TASK OBJECTIVE: The copy you return should hold only the lines from the top of the data below through the line with "Juliet Applique Satin", each duplicated exactly and with no pictures.

DATA IN THIS EXERCISE:
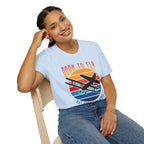 Born to Fly but Forced Work - T-Shirt - Pilot gifts - WWII warbird t-shirt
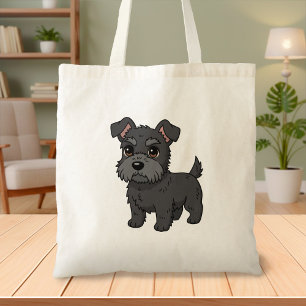 Bolsa Tote Cachorro preto fofo do Terrier Escocês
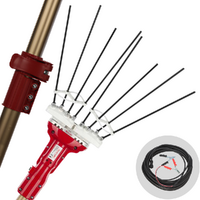 Sbaraglia Adrian - Abbacchiatore elettrico 150/250 cm a batteria tipo auto con cavo in dotazione - Asta telescopica in alluminio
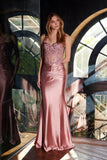 Juliet Applique Satin Sleeveless Gown JT2531K - Rosa Apparel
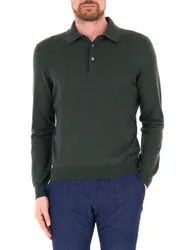 Polo in lana VERDE MILITARE 56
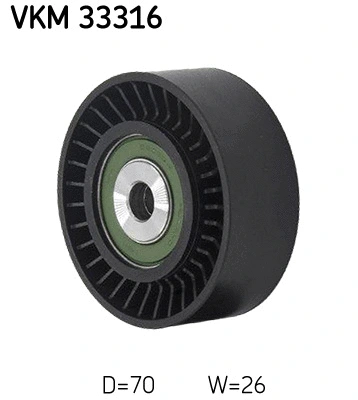 Diržo įtempiklio skriemulys SKF VKM 33316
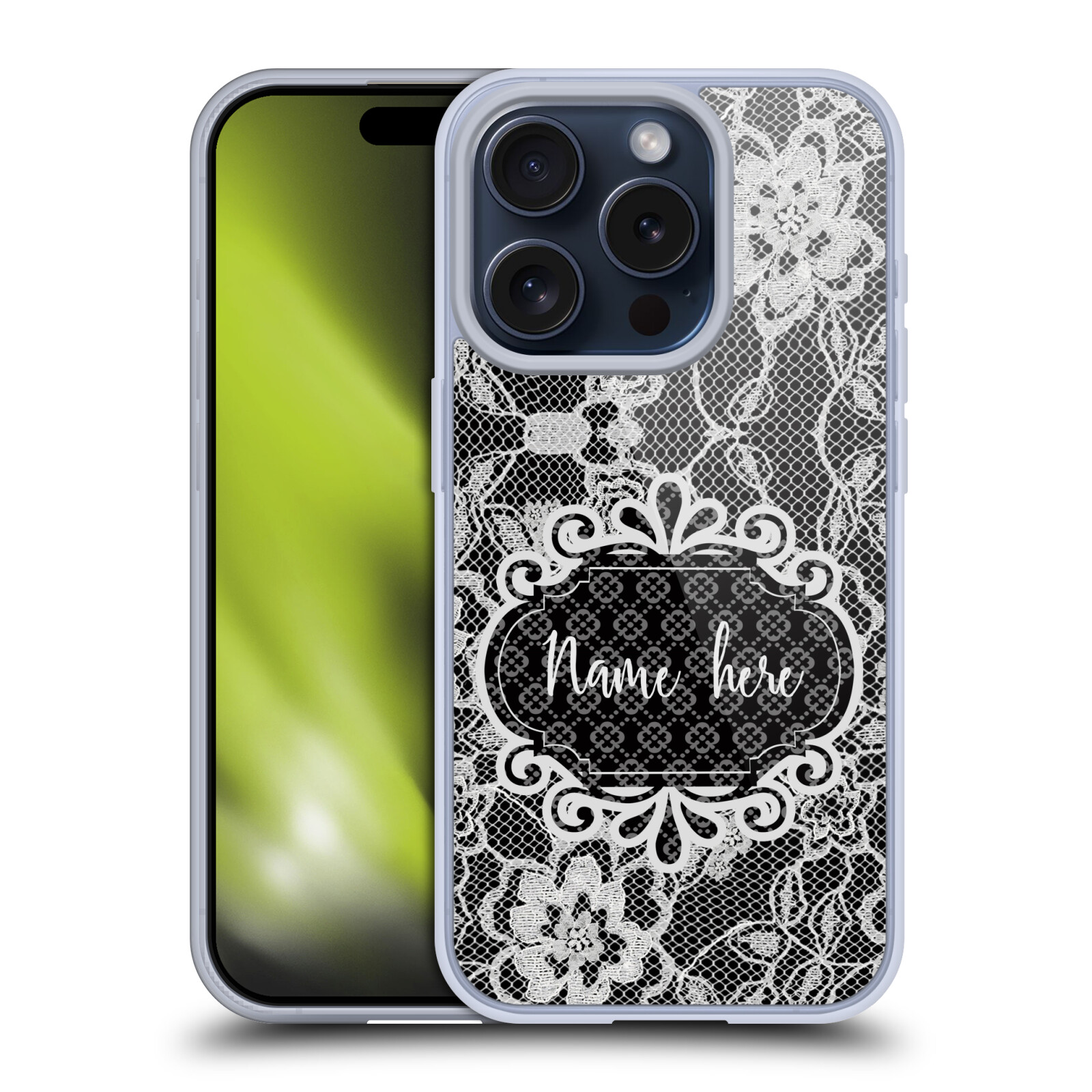 FUNDA DE GEL SUAVE PERSONALIZADA CON CORDONES NEGROS PERSONALIZADOS PARA TELÉFONOS iPHONE DE APPLE - Imagen 8 de 9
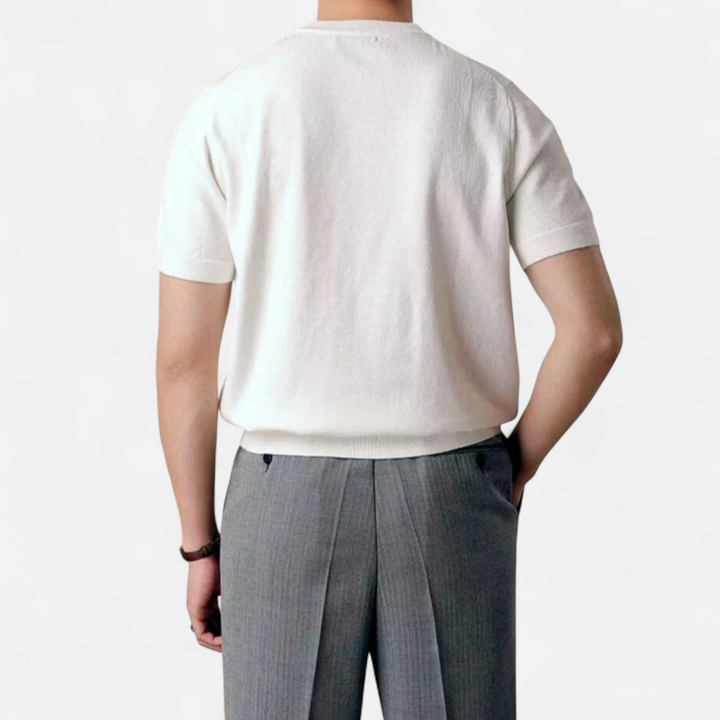 Maison Dresson | Men’s Slim-Fit Knitted T-Shirt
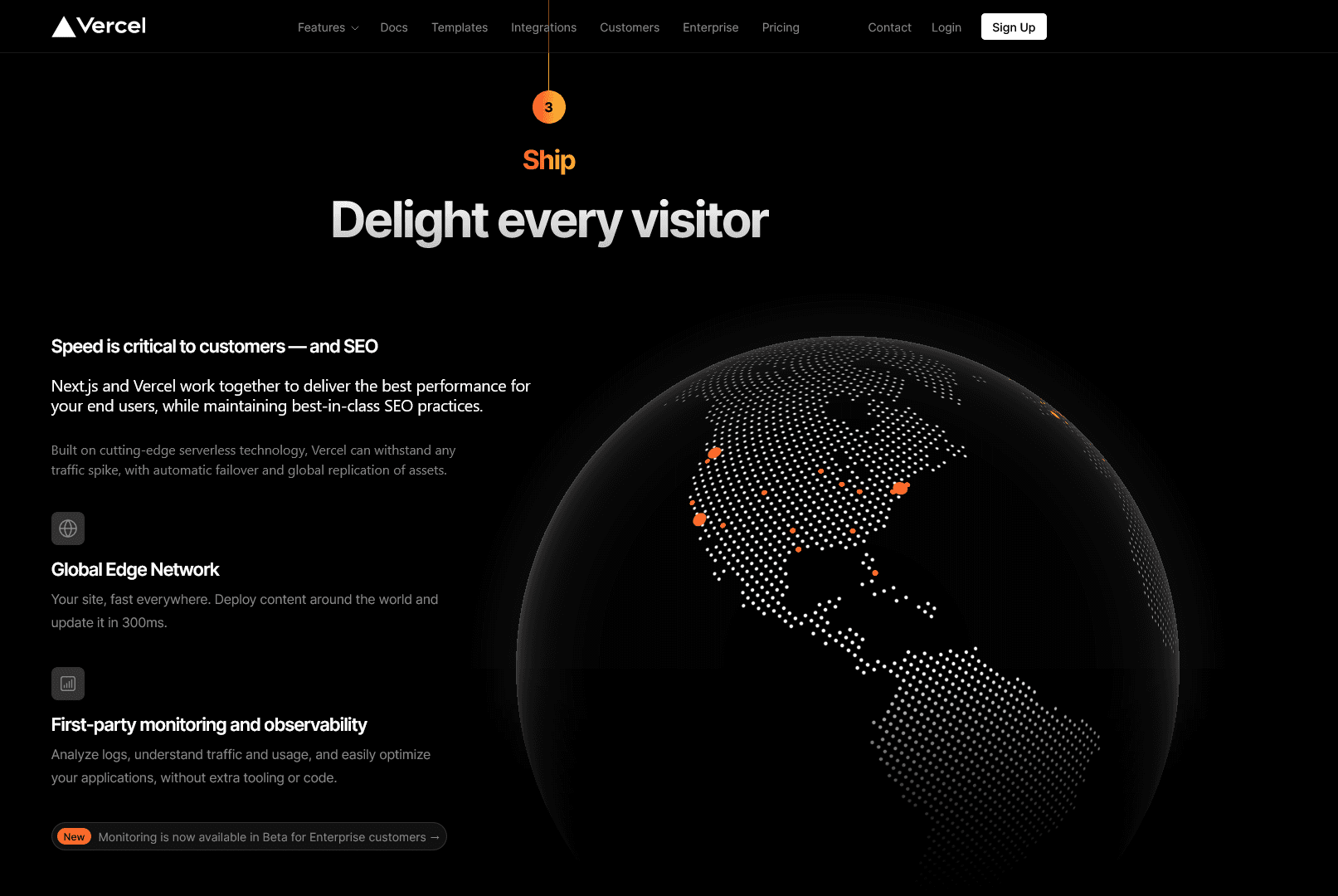 Hosting con CDN su Vercel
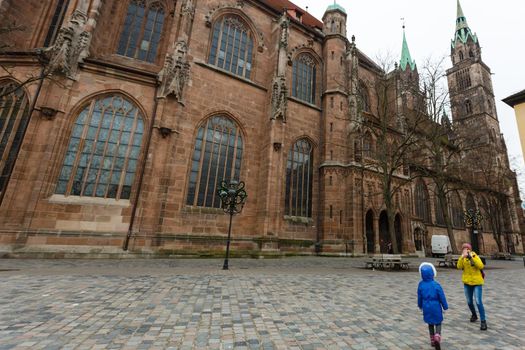 Nuremberg, Germany, old town houses, cityscape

FINISHED EXERCISE:
 Born to Fly but Forced Work - T-Shirt - Pilot gifts - WWII warbird t-shirt
 Bolsa Tote Cachorro preto fofo do Terrier Escocês
 Sbaraglia Adrian - Abbacchiatore elettrico 150/250 cm a batteria tipo auto con cavo in dotazione - Asta telescopica in alluminio
 Juliet Applique Satin Sleeveless Gown JT2531K - Rosa Apparel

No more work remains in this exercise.